**WHAT THE TASK REQUIRES:** Print the listing below exactly, minus its pictures.

**DATA EXTRACT:**
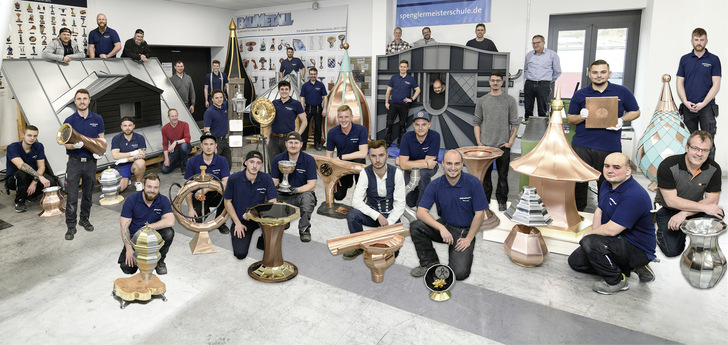 Frischgebackene Spenglermeister, Ausbilder und Mitglieder der Prüfungskommission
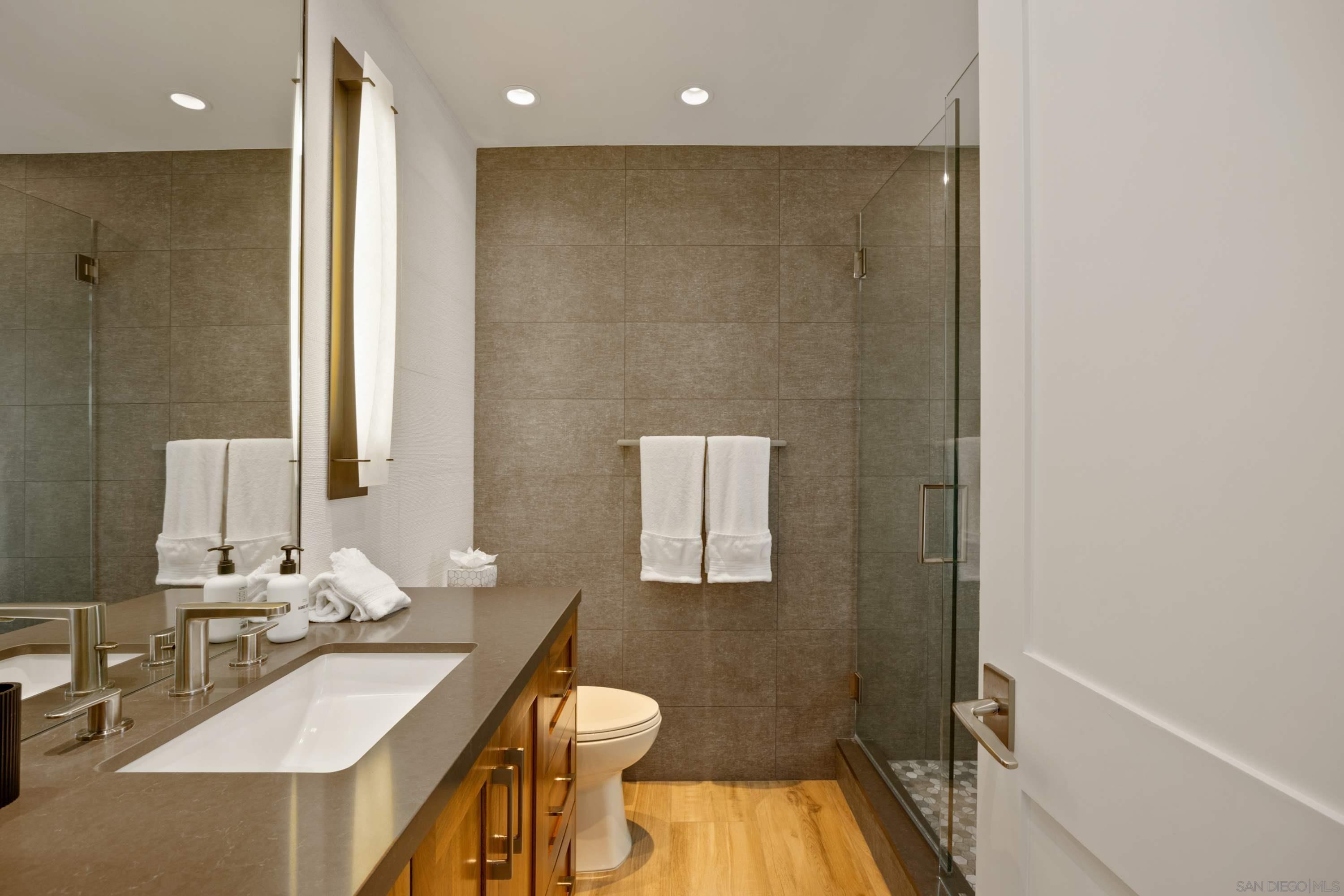 Detail Gallery Image 20 of 41 For 5570  Calumet, La Jolla,  CA 92037 - 3 Beds | 3/1 Baths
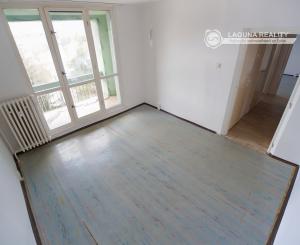 Slnečný byt 2+1 s loggiou v centre, Banícka ul., Sp. N. Ves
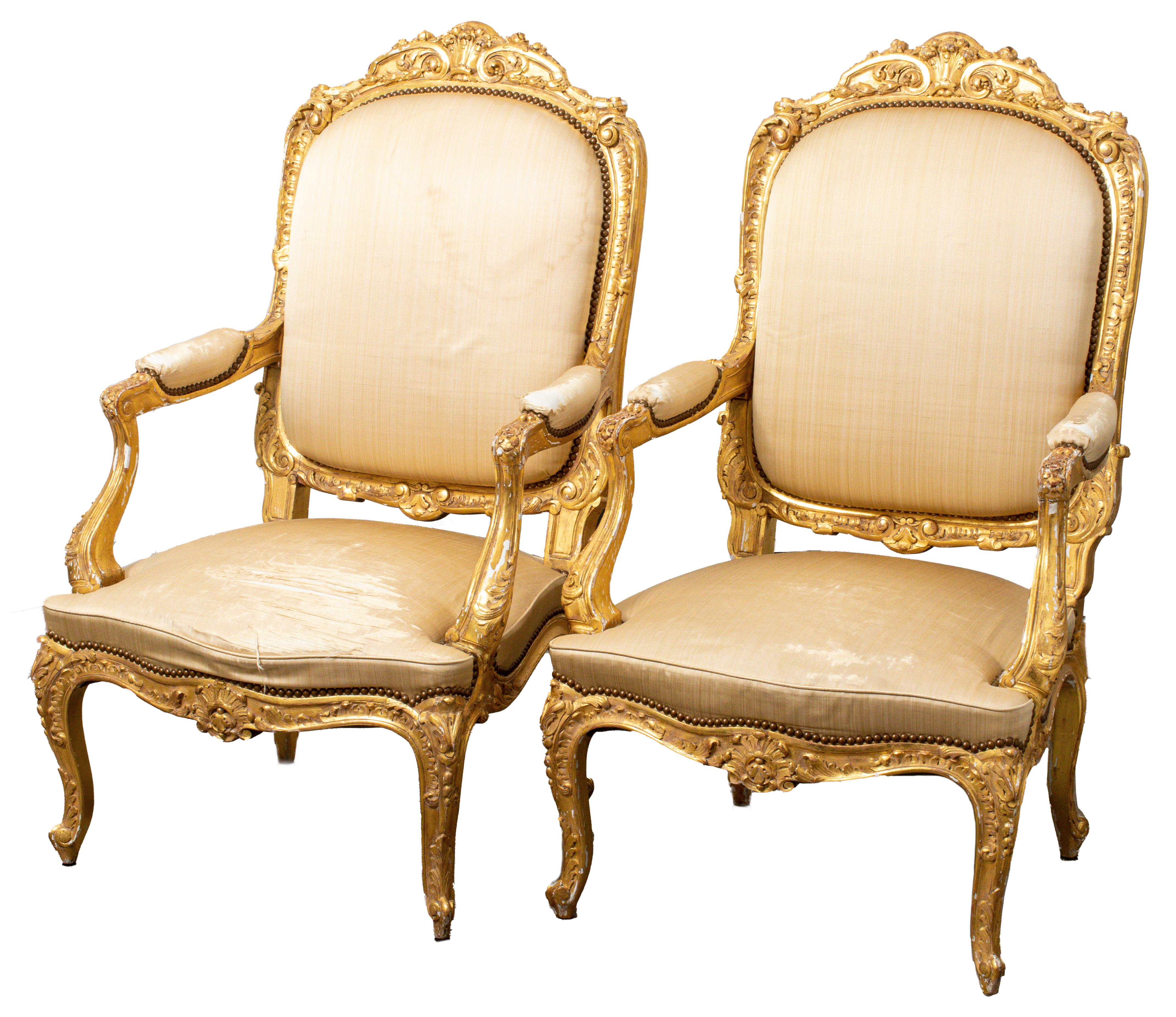 North Italian Baroque set of two giltwood armchairs / fauteuils a la reine, mid-18th century. 
Measures: 46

**ANSWER TO THIS PROBLEM:**
 Frischgebackene Spenglermeister, Ausbilder und Mitglieder der Prüfungskommission
 Detail Gallery Image 20 of 41 For 5570  Calumet, La Jolla,  CA 92037 - 3 Beds | 3/1 Baths
 Slnečný byt 2+1 s loggiou v centre, Banícka ul., Sp. N. Ves
 North Italian Baroque set of two giltwood armchairs / fauteuils a la reine, mid-18th century. 
Measures: 46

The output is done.